··· Information shown ···

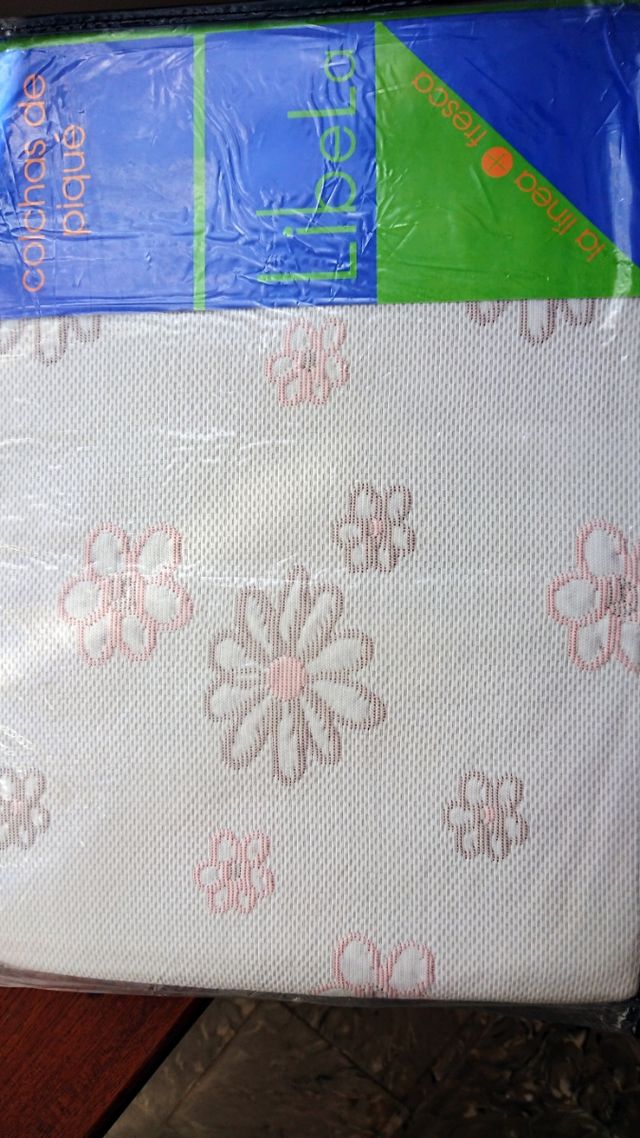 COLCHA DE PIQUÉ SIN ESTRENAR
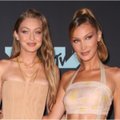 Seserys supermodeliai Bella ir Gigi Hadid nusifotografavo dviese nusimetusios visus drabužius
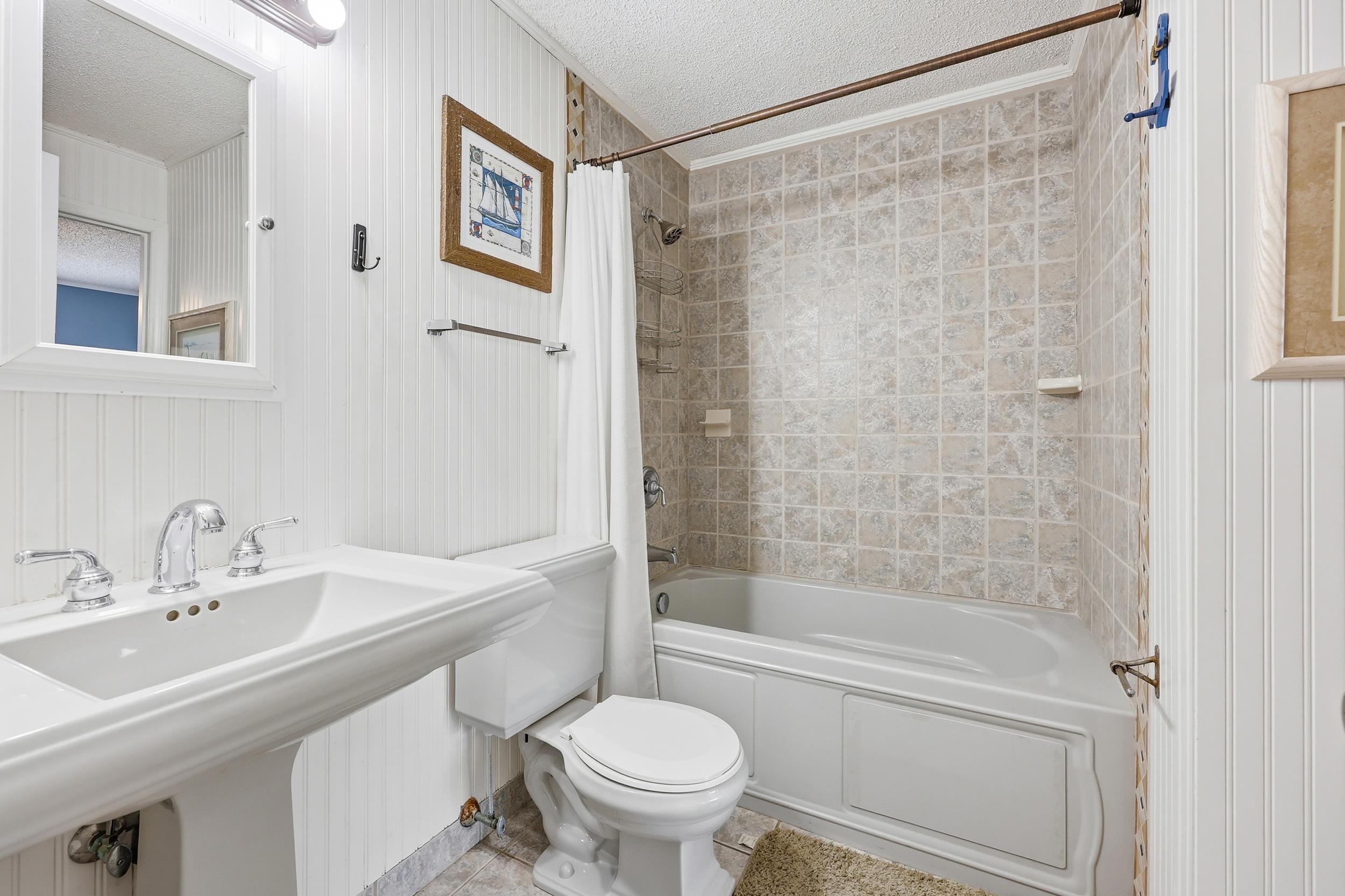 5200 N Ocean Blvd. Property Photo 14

···

Give again, exactly, each line from the one that contains "Seserys supermodeliai Bella" through the last line of the material above. Pictures do not belong in the copy.

 Seserys supermodeliai Bella ir Gigi Hadid nusifotografavo dviese nusimetusios visus drabužius
 5200 N Ocean Blvd. Property Photo 14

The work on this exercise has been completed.